YOUR INSTRUCTIONS ▸ Transcribe the data below verbatim from the line with "MLS #2180457 image #23" to the line with "QR Code for". Include both of those lines.

++++ WORKING DATA ++++

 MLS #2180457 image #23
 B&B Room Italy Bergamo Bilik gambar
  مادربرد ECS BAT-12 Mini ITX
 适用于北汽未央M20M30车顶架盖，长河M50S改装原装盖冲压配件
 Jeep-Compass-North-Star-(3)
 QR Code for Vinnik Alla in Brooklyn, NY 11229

++++
++++ WORKING DATA ++++

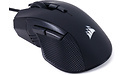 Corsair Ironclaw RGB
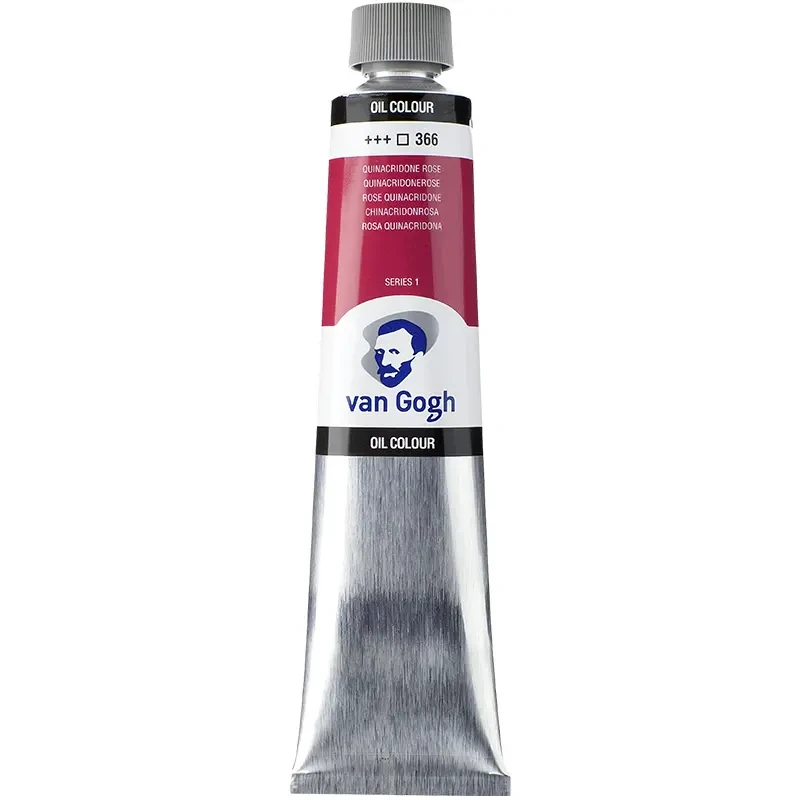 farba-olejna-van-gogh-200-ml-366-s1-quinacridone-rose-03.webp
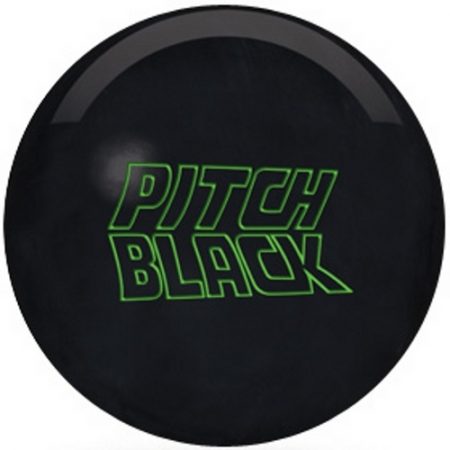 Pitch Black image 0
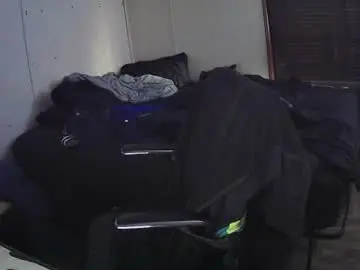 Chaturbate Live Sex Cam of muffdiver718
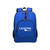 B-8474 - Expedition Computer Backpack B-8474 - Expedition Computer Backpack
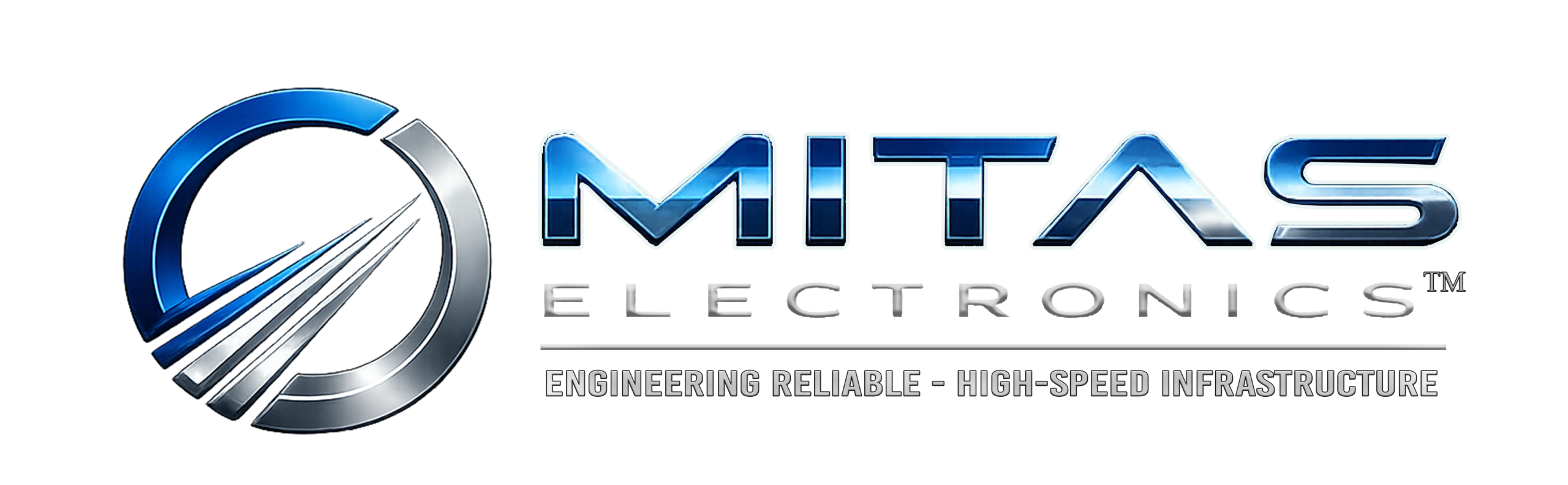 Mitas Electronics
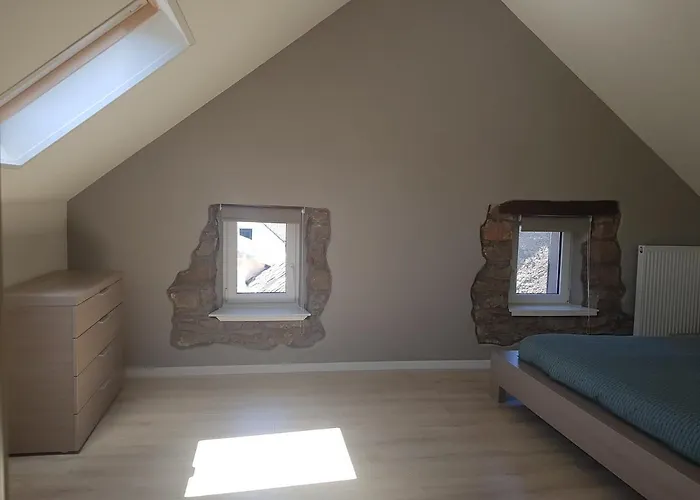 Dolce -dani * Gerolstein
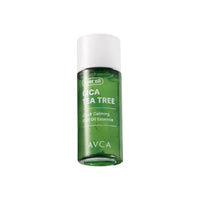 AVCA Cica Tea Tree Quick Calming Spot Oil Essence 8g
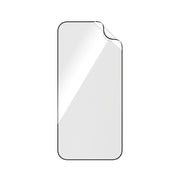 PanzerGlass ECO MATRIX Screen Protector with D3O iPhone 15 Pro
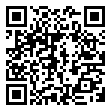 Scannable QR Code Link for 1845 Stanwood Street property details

++++
++++ WORKING DATA ++++

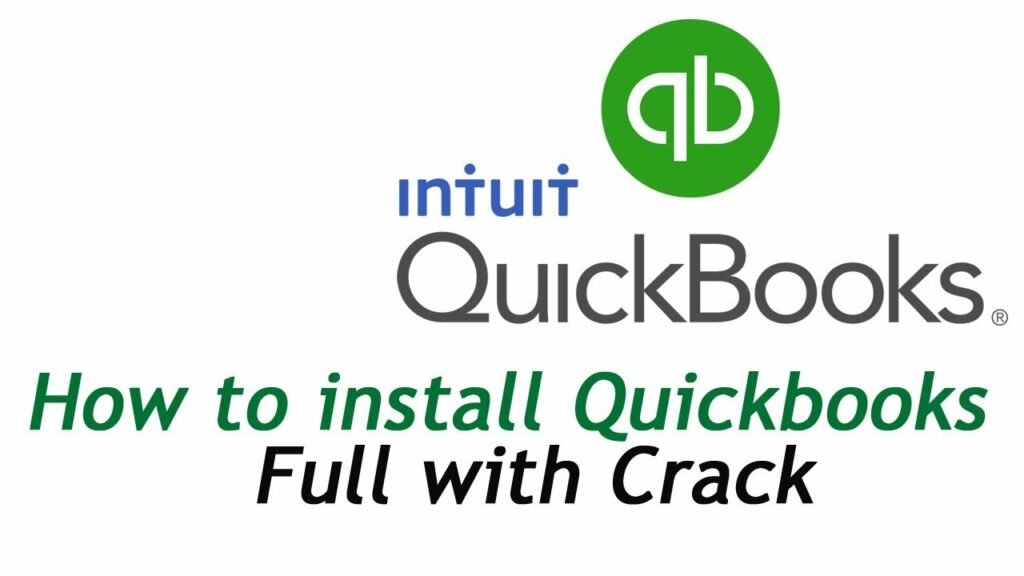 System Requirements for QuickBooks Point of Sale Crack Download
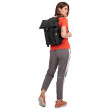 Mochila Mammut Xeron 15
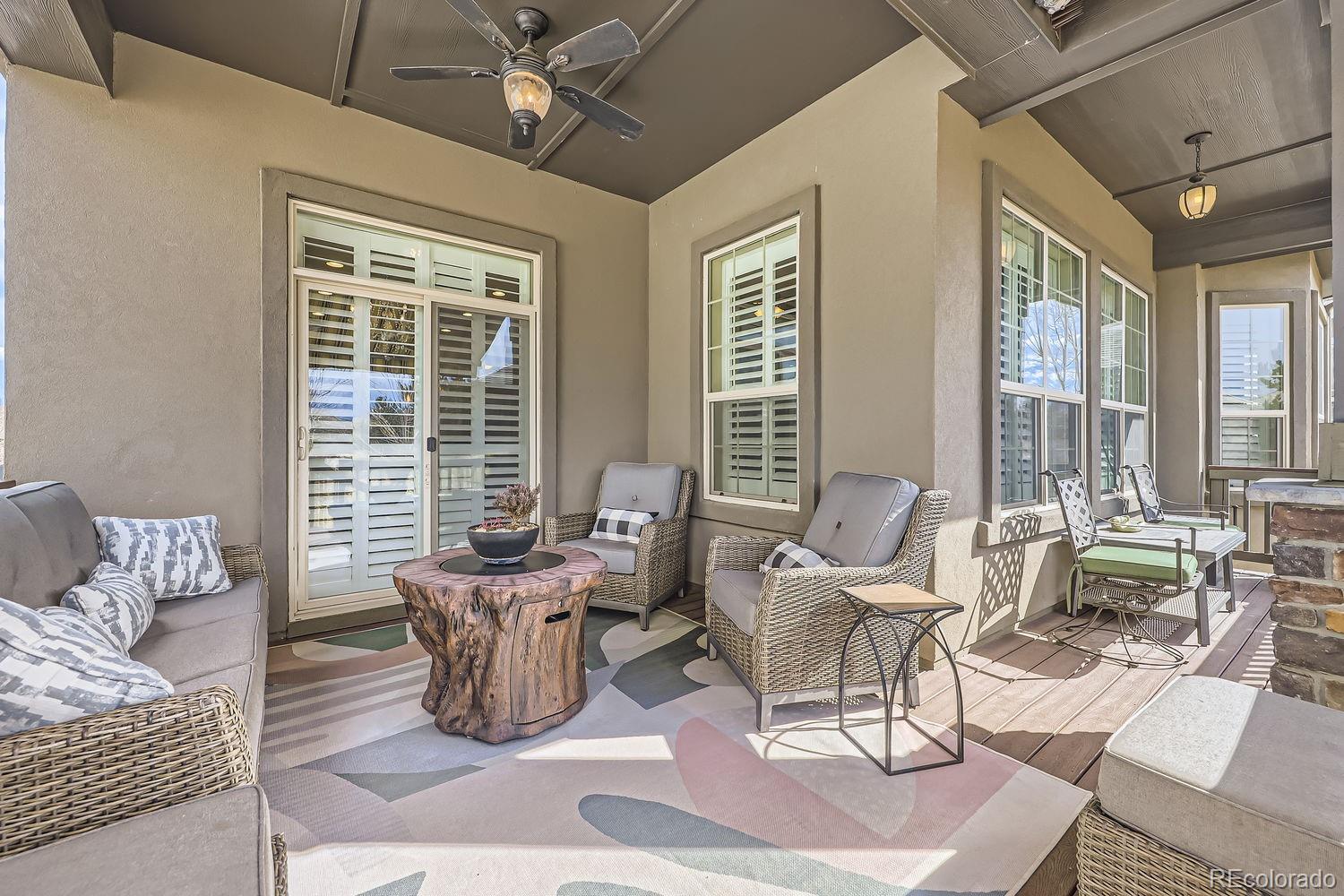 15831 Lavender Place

++++

PROBLEM SOLUTION ▸
 MLS #2180457 image #23
 B&B Room Italy Bergamo Bilik gambar
  مادربرد ECS BAT-12 Mini ITX
 适用于北汽未央M20M30车顶架盖，长河M50S改装原装盖冲压配件
 Jeep-Compass-North-Star-(3)
 QR Code for Vinnik Alla in Brooklyn, NY 11229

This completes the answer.